Je dois, au contraire, confesser franchement mon insuffisance et l’impossibilité où j’ai été de recourir à autre chose qu’à des traductions des documents originaux pour la partie relative à l’Inde. Je ne suis pas, en effet, sanscritiste, et je tiens à ne pas paraître prétendre savoir ce que j’ignore en réalité. Dans cette partie donc, mon travail n’est que de seconde main. Mais j’ai eu du moins le soin de m’attacher à puiser aux meilleures sources et je me suis guidé sur les conseils des hommes vraiment compétents, des maîtres en qui l’on pouvait avoir le plus de confiance. L’histoire de l’Inde antique, surtout dans ses époques les plus anciennes, a d’ailleurs un caractère à part de flottement et de vague chronologique, tenant à l’absence de monuments épigraphiques d’une date élevée, contemporains des événements, .avant le règne de Piyadasi Açoka. Il y a encore, et il restera peut-être toujours, une hésitation de plusieurs siècles pour la date des événements les plus considérables, de ceux qui marquent des périodes décisives, comme la vie de Çàkya-Mouni. Ce flottement ne cesse qu’au moment du contact avec les Grecs d’Alexandre, qui constitue pour l’Inde une époque climatérique, comme pour l’Asie antérieure l’ouverture des Guerres Médiques. J’ai été amené ainsi à prendre cette date pour point d’arrêt de mes récits relatifs à l’Inde, les prolongeant de deux cents ans de plus que ceux relatifs aux autres pays, de manière à pouvoir y comprendre, dans les limites de l’incertitude chronologique qu’il comporte, le grand fait de la formation du Bouddhisme, sans lequel ces récits n’eussent pas été suffisamment complets.

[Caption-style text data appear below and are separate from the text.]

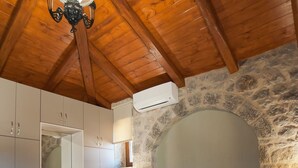 Une chambre avec un mur en pierre, des poutres en bois au plafond, un lit avec du linge de maison blanc, un luminaire suspendu et une cheminée en pierre.
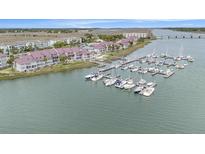 Stunning waterfront condos with private boat slips and access to beautiful waterways at 74 Mariners Cay Dr, Folly Beach, SC 29439
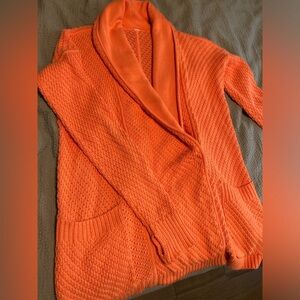Lululemon size 6 cocoon bright orange sweater with pockets. Excellent condition!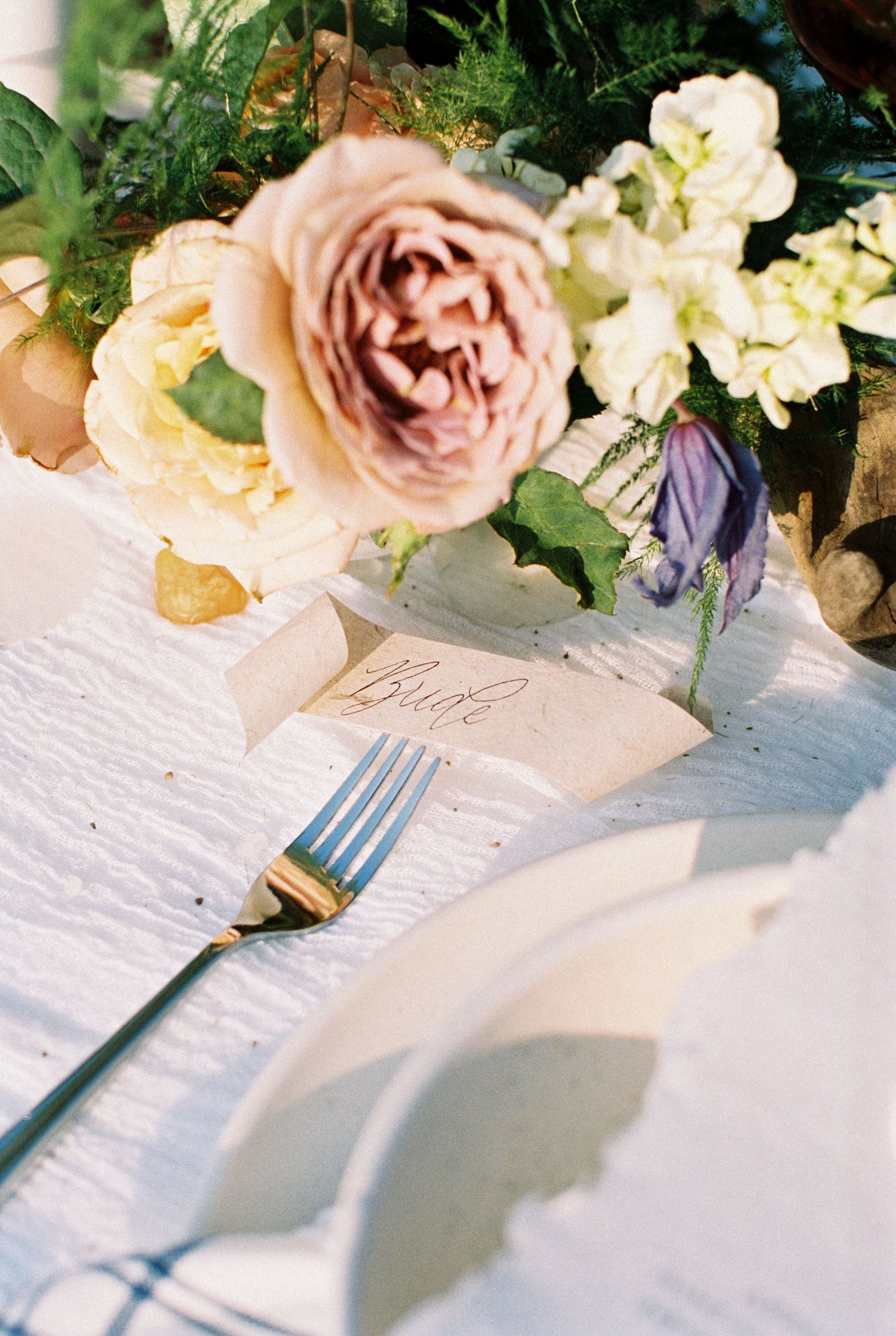 A delicate pink garden rose and white flowers in a vase beside a place setting with silverware on a white tablecloth.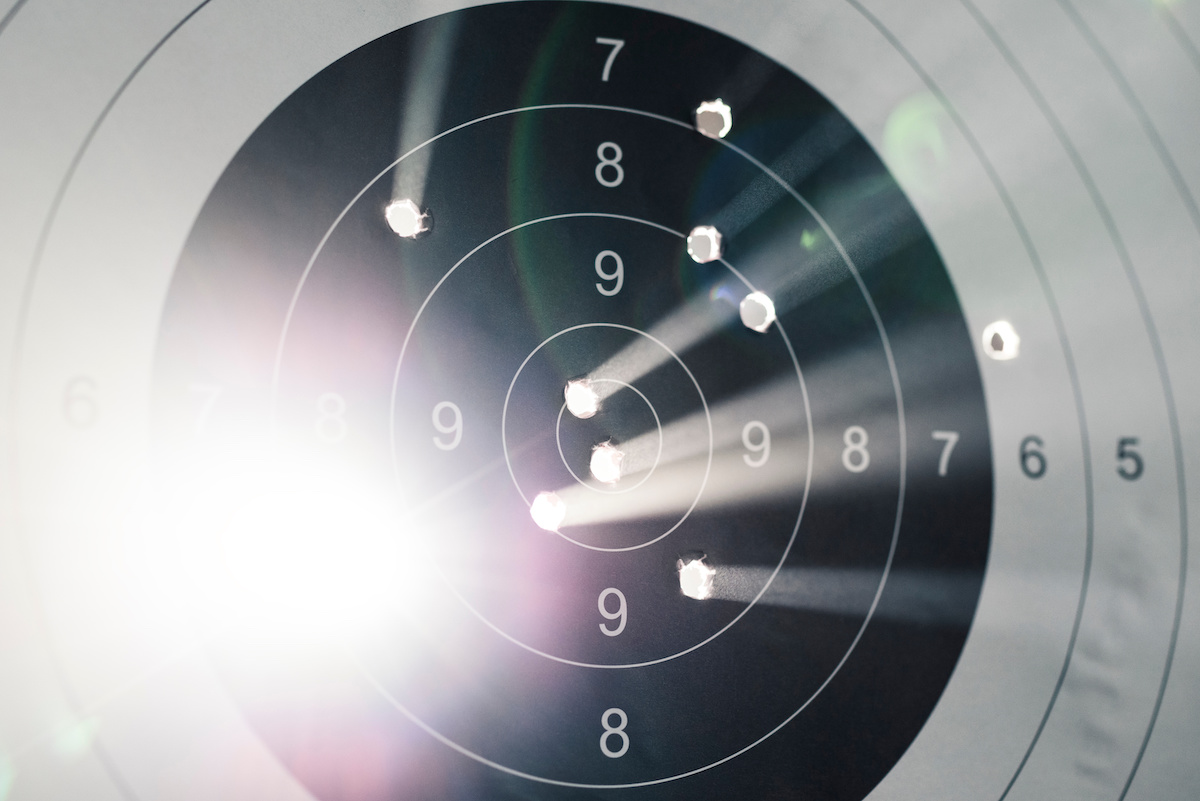 Shooting target with light coming out of holes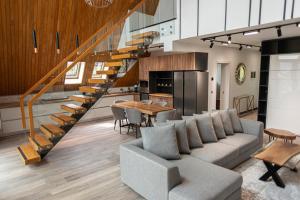 a living room with a couch and a table at AVA Chalet with Jacuzzi in Sinaia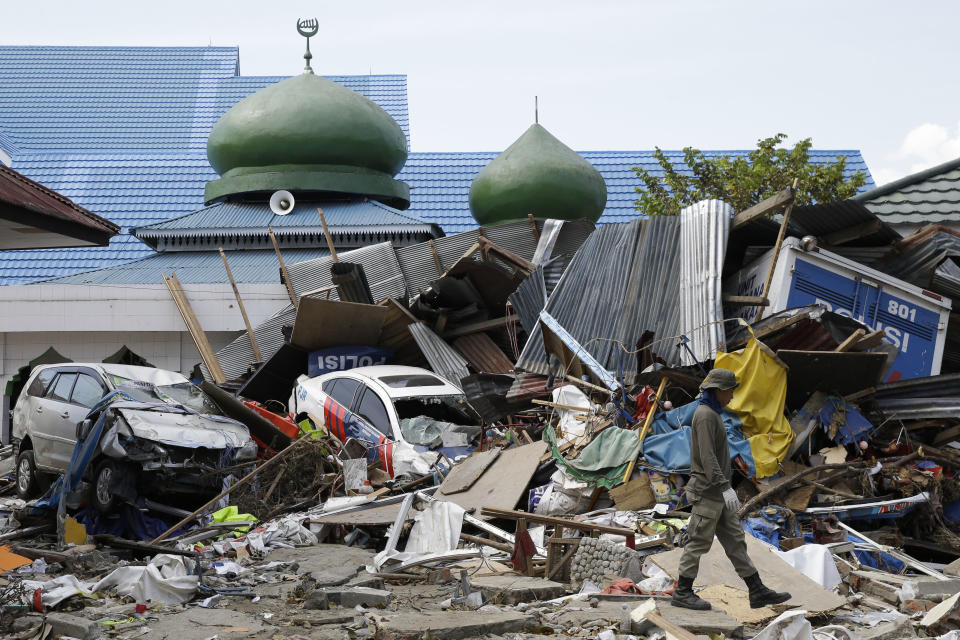 A man walks past ruins of cars and structures destroyed in the massive earthquake and tsunami that hit Palu, Central Sulawesi, Indonesia Thursday, Oct. 4, 2018. Life is on hold for thousands living in tents and shelters in the Indonesian city hit by a powerful earthquake and tsunami, unsure when they'll be able to rebuild and spending hours each day often futilely trying to secure necessities such as fuel for generators. (AP Photo/Aaron Favila)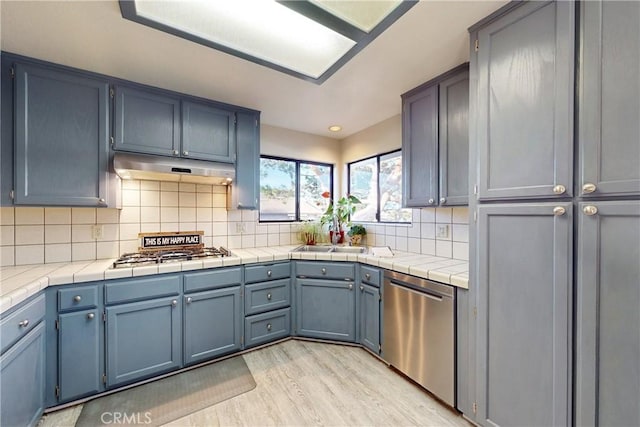 kitchen featuring gas cooktop, light wood-style flooring, under cabinet range hood, dishwasher, and tasteful backsplash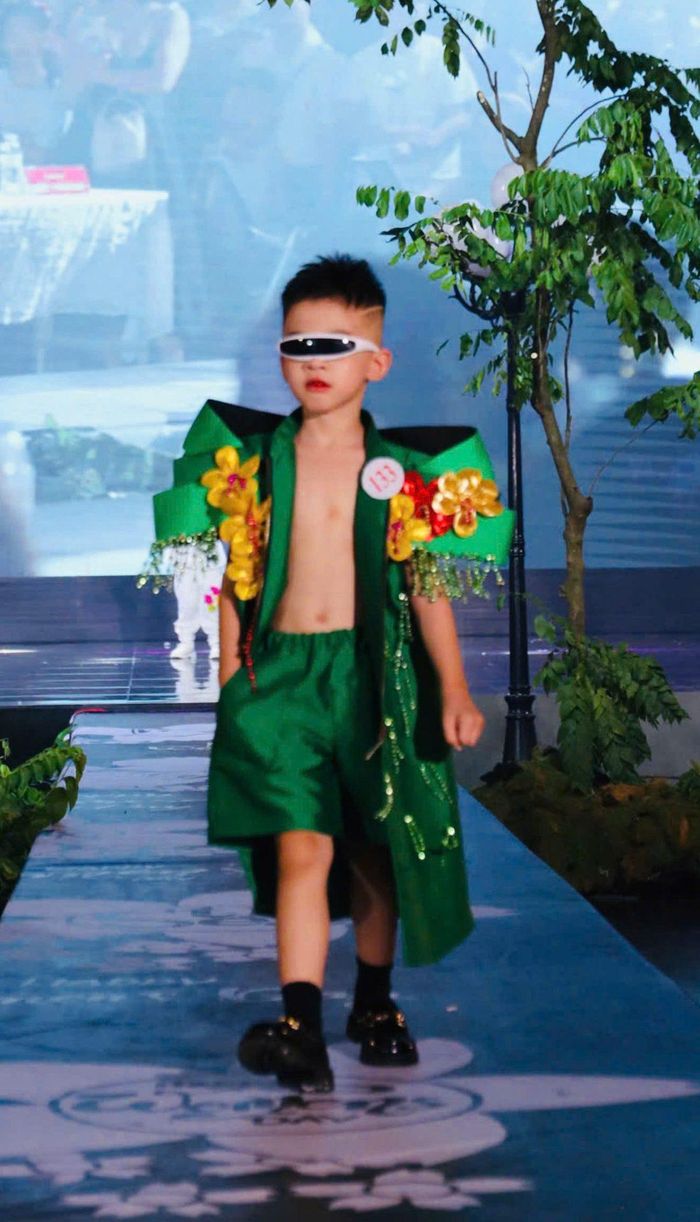 Bộ trang phục xanh lá nổi bật với thiết kế cầu vai góc cạnh, họa tiết hoa rực rỡ và những dải tua rua lấp lánh. Kết hợp kính mắt hiện đại, mẫu nhí mang đến phong cách thời trang phá cách, năng động và đầy cá tính trên sàn diễn.
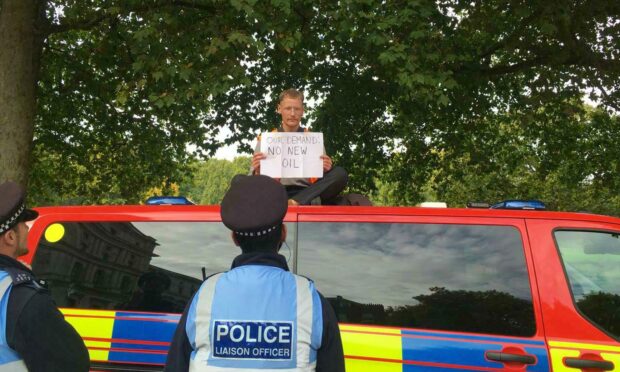 Dan Johnson protests on top of the police van.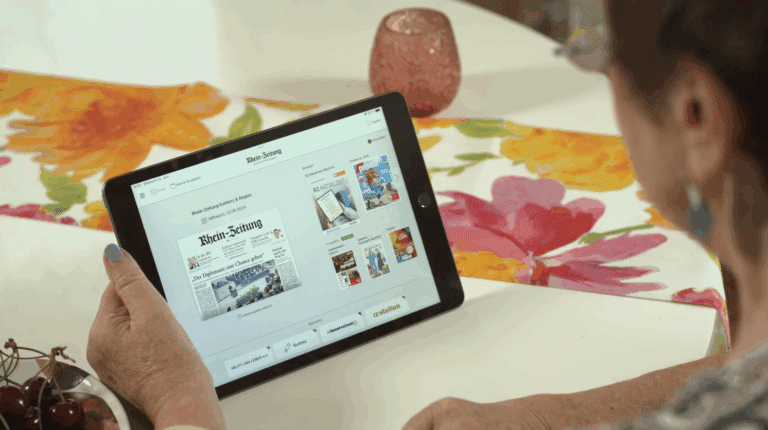 Tisch mit Tablet, mit Abbildung der E-Paper App der Rhein-Zeitung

Il me reste à dire quelques mots de l’illustration qui accompagne cette édition et qui y fournit un commentaire graphique perpétuel. C’est l’exemple si heureusement donné par M. Duruy, dans la monumentale édition qu’il donne en ce moment de  son Histoire des Romains, qui a inspiré à l’habile et intelligent éditeur, entre les mains de qui est mon livre depuis sa première apparition, d’y joindre de nombreuses figures empruntées aux monuments  antiques. Dès qu’il m’a proposé dé le faire, j’ai profité  avidement de   sa bonne volonté, et je crois que l’ouvrage y gagnera beaucoup, qu’il devient par là plus intéressant et plus instructif. Nulle part, en effet, une riche illustration archéologique n’était plus naturellement appelée que dans une histoire puisée toute entière aux sources monumentales. Je n’avais vraiment que l’embarras du choix au milieu de la masse des œuvres que nous avons aujourd’hui des arts des vieilles civilisations de l’Orient. La difficulté même était de se limiter aux figures qui pouvaient le mieux éclaircir les événements, les mœurs et les religions sans excéder une proportion raisonnable. Ce choix, je l’ai fait moi-même avec tout le soin dont j’étais capable, et j’espère y avoir réussi. Aucune part n’a été laissée à la fantaisie dans l’illustration du livre, et je crois pouvoir dire qu’on n’y trouvera rien d’oiseux ni d’une valeur suspecte. Toutes les gravures ont été empruntées à des monuments d’une authenticité incontestable et autant que possible contemporains des événements auxquels ils se rapportent. Les vues des lieux célèbres dans l’histoire ont été empruntées aux meilleures sources, et dans une bonne moitié des cas, mon expérience personnelle de voyageur ayant visité ces lieux me donnait le moyen de choisir en connaissance de cause les plus exactes. Quant aux cartes insérées dans le texte ou tirées séparément, elles ont toutes été dressées d’après les documents les plus récents et les plus sûrs par M. J. Hansen, dont le nom seul est une garantie.

En un mot, ici comme en ce qui touche la rédaction même de l’ouvrage, j’ai fait de mon mieux et j’ose espérer que le lecteur voudra bien m’en tenir compte.

 

 

 



[1] Cet abrégé scolaire en est actuellement à sa deuxième édition.